Giving Compass' Take:

• Charlotte Brugman writes in response to ACF's Stronger Foundations initiative report -- Impact and Learning: The Pillars of Stronger Foundation Practice -- and explores how funders can improve by listening and uplifting voices that are not their own. 

• How can individual donors learn from the same practices? How is your philanthropy gathering meaningful feedback?  

Read more about how foundations listen to those they serve. 


This blog was written in response Impact and Learning: The Pillars of Stronger Foundation Practice, a report from ACF's Stronger Foundations initiative which identifies and helps foundations pursue excellent practice.
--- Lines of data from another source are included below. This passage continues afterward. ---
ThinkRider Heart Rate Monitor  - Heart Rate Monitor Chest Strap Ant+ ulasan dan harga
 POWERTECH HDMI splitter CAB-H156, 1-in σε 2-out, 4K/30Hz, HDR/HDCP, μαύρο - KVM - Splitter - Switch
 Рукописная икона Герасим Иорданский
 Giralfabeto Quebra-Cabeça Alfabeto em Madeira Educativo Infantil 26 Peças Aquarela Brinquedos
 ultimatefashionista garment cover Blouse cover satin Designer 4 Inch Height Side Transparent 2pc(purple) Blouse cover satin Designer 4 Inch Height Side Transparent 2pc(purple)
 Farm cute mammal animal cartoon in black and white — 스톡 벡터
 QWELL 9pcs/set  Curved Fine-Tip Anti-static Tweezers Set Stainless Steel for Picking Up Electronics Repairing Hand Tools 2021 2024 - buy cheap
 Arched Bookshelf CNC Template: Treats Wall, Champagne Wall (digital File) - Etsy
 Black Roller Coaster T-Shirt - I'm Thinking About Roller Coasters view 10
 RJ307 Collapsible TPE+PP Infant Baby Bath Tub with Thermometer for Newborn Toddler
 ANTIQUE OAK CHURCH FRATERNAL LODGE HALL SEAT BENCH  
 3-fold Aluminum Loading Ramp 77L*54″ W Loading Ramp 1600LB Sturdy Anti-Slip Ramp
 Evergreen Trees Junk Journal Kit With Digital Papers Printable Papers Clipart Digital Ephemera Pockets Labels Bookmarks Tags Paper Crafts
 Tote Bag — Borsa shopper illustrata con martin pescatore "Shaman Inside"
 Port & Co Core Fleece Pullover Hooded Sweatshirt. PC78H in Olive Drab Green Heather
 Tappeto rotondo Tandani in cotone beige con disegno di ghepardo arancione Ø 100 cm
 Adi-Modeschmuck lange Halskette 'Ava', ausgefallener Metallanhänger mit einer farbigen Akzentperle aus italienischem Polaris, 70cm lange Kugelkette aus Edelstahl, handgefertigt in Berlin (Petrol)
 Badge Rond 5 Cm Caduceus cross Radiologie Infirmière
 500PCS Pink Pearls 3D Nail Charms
This contribution comes from Charlotte Brugman, Manager of Assessment and Advisory Services at the Center for Effective Philanthropy.

ACF's report Impact and Learning: The Pillars of Stronger Foundation Practice defines learning as a “proactive and lifelong process of reflection and open listening” that “takes time and is an iterative process.” As the report argues, this means a stronger foundation should “regularly review its mission to ensure it is still fit for purpose” by listening and “making efforts to understand the realities of the people, issues and causes with which the foundation seeks to engage.”

From my vantage point leading the Center for Effective Philanthropy‘s work in Europe, I couldn’t agree more.

In order to stay relevant, focus on what matters, and do no harm, funders need to proactively and regularly seek candid feedback from the people they’re engaging most closely with on the work: their grantees, beneficiaries, partners, and other key stakeholders. Listening and learning needs to be a constant practice, preferably benchmarking feedback results against that of other funders and structurally tracking performance over time. This helps foundations to stay agile and adaptable, to keep program officers aware of actual needs, and to make sure that strategies achieve intended impact.

But listening and learning — let alone managing organizational change — is never easy, and having a growth mindset can be painful.  It’s far easier to stick with what we know, listen to people we know, or who look and behave like us, and protect and preserve the safe bubble of the organizational culture that we’ve built and know best.

This is why philanthropy’s biggest asset — its complete freedom to be able to decide how and when to spend its resources — is also its biggest Achilles heel.